С тех пор она никогда не считала дней – до каникул, до дня рожденья, до Нового года… А с тех пор, как он исчез навсегда – никогда ничего не ждала. Но заболела – на год.
Ведь она не знала, что однажды увидит его, обернувшись через плечо. Увидит в Париже.
И вот в парижском кафе, среди смеющихся людей, она впервые за двадцать лет поймала себя: что это я? Считаю дни! До 14 июля осталось… Нет, оставь. Забудь, пока забудь. А не то… А не то выйдет, как тогда.
Она опустила глаза и взглянула ему в лицо. Прямо в лицо. И поняла: он испугался. «Странно, – подумала она, – что это вдруг?» И поняла: конец. Любовь ушла. Любовь к отцу – ее боль, ее счастье – эта любовь покинула ее. Нежданно, без оглядки, без следа – бежала. Так он тогда бежал от нее, маленькой: 5 апреля, под вечер.
И, пристально глядя на него – а теперь она умела смотреть! – Тирселе прозрела то, что мелькнуло в ярко-синих глазах: страх, одиночество, горечь. Он тоже понял. Своим наметанным взором многоопытного мужчины – увидел: все кончено. Она не вернется. Его глаза стали просто серыми.
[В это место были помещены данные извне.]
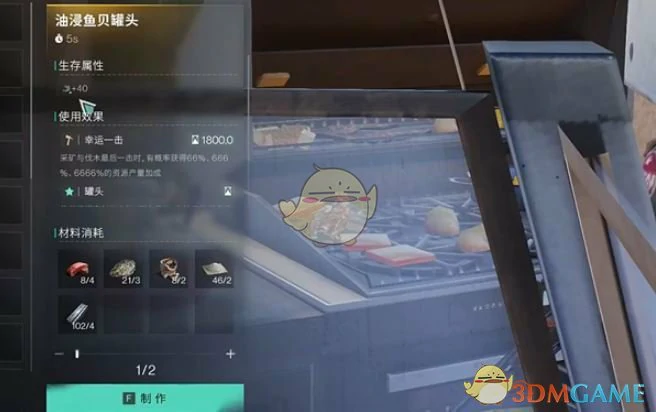 油浸鱼贝罐头获取方法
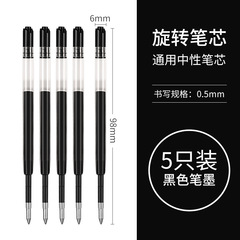 Factory wholesale replaceable rotating refills for medium-duty, high-capacity, fast-drying 0.5mm black, blue, and red set in metal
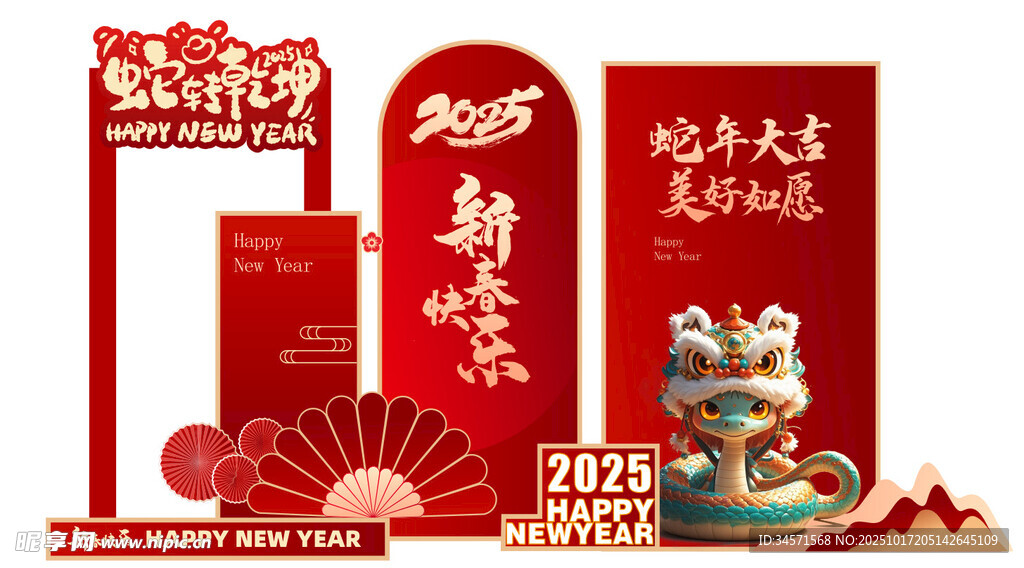 2025新年喜庆装饰场景
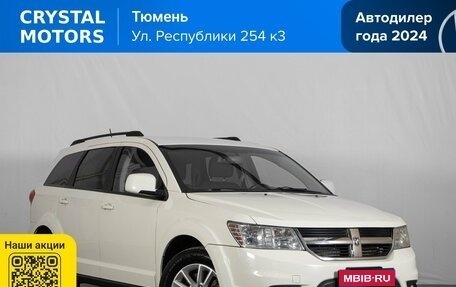 Dodge Journey I, 2017 год, 1 669 000 рублей, 1 фотография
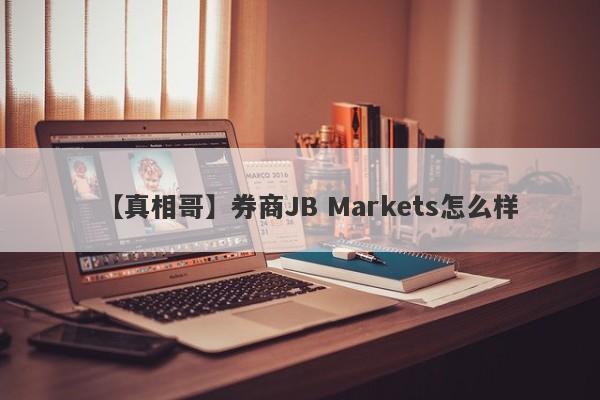 【真相哥】券商JB Markets怎么样
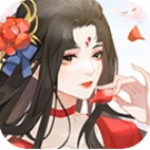 花舞蝶衣古风换装养成记v1.1.0 无限元宝版
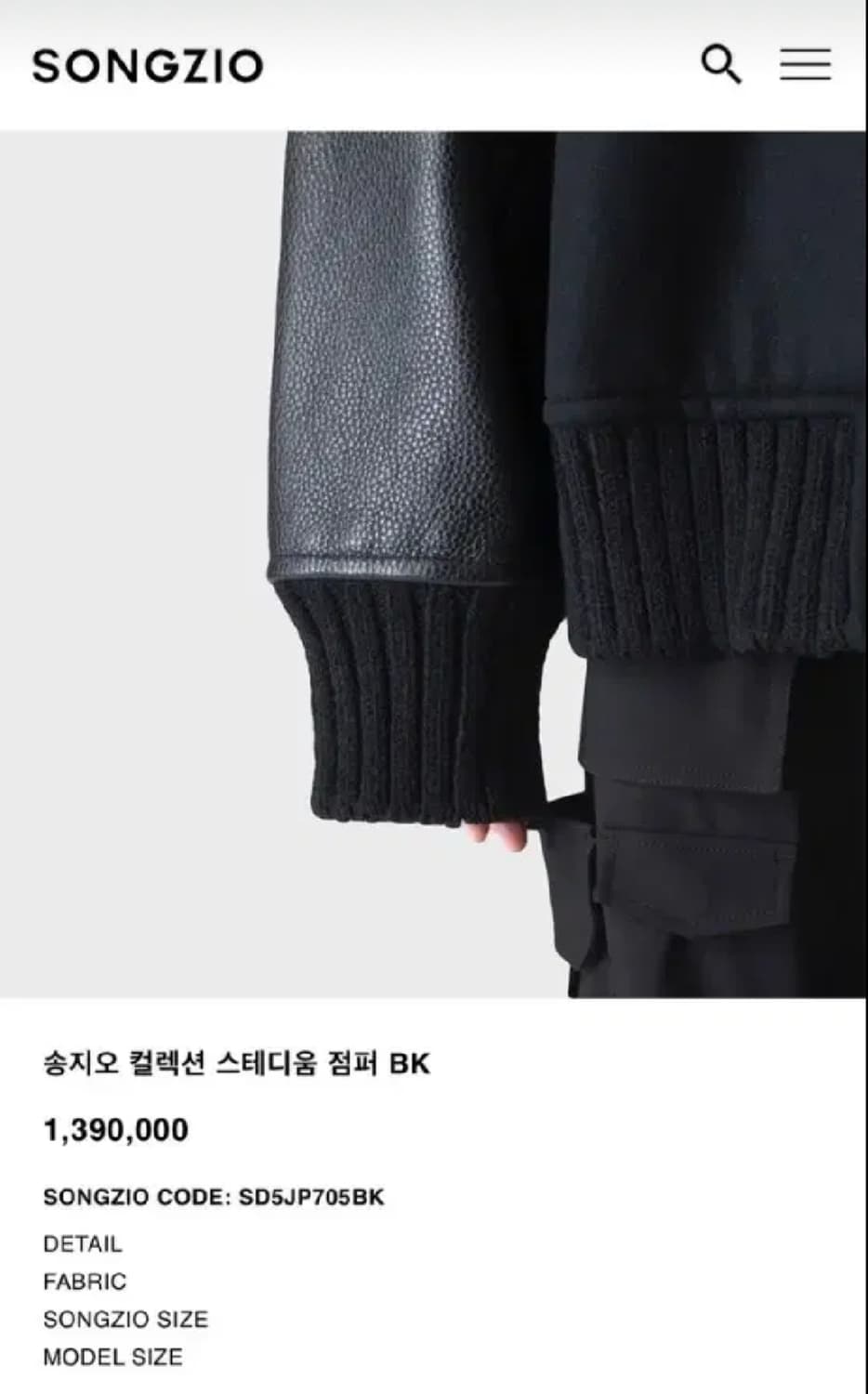 송지오옴므 스타장 상품이미지7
А потом – пепельными.
– Ну, пойдем? – сказала она. – Прогуляемся, времени у нас еще много. Так, куда глаза глядят… – И встала.
– Давай. – Он поднялся с трудом, будто постарел на десяток лет.
Но Париж, этот город на холмах, этот ветреный город с низким летящим небом, поднял и выпрямил его. О, эти вечные и мгновенные перемены, эта страстность погоды! Вот уже и ветер пронесся, унося уныние так же легко и бесследно, как облака с лучезарного лица солнца.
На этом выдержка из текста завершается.